··· Exercise materials ···

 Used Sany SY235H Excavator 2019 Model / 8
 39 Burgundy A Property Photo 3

···
··· Exercise materials ···

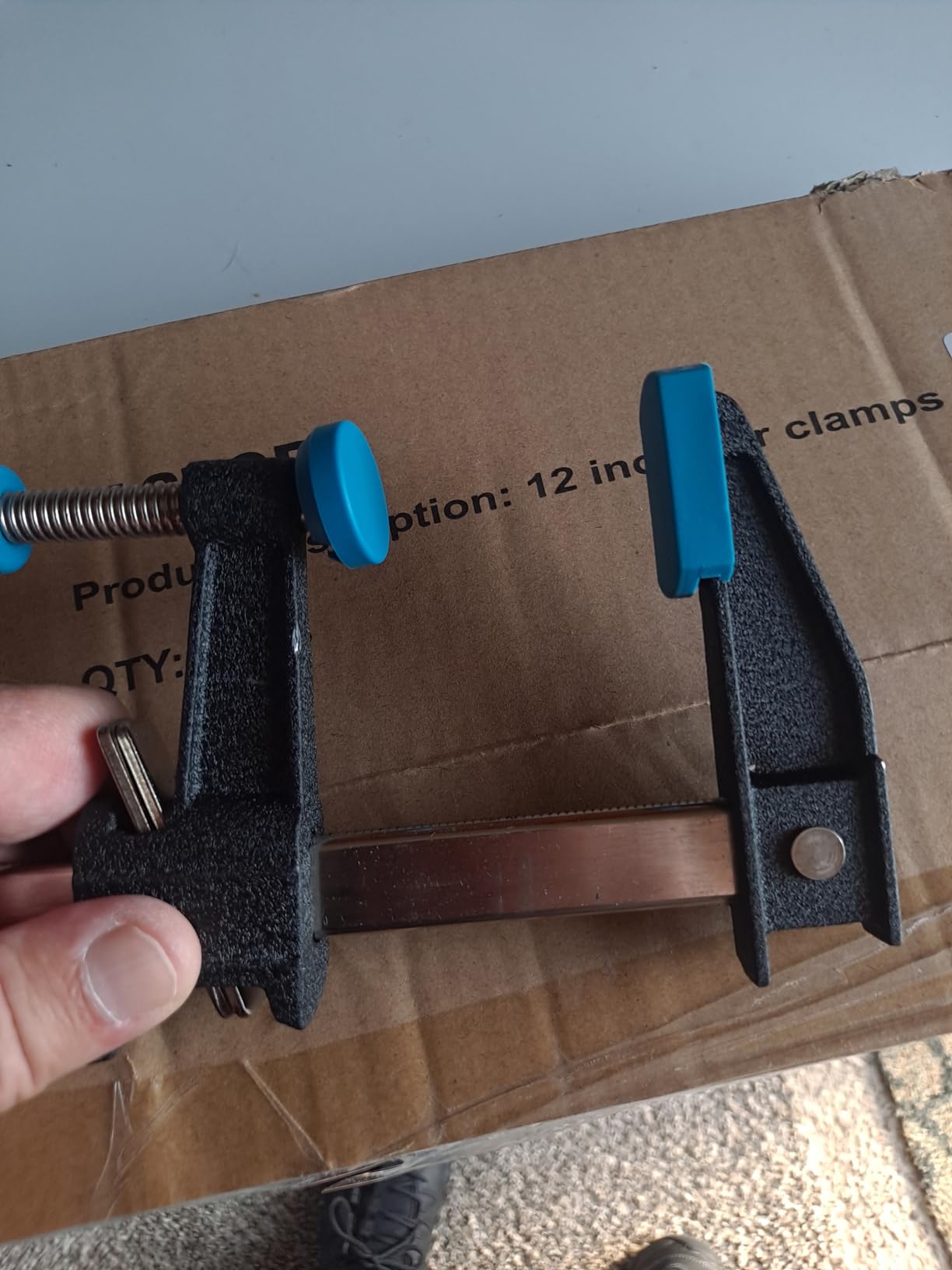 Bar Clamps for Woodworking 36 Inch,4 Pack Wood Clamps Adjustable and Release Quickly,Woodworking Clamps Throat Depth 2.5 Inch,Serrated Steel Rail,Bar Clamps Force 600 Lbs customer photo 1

···

As listed above, the lines from the line with "Used Sany SY235H Excavator 2019 Model / 8" to the line with "39 Burgundy A Property Photo 3" are to be echoed exactly, with both ends included and nothing added.

 Used Sany SY235H Excavator 2019 Model / 8
 39 Burgundy A Property Photo 3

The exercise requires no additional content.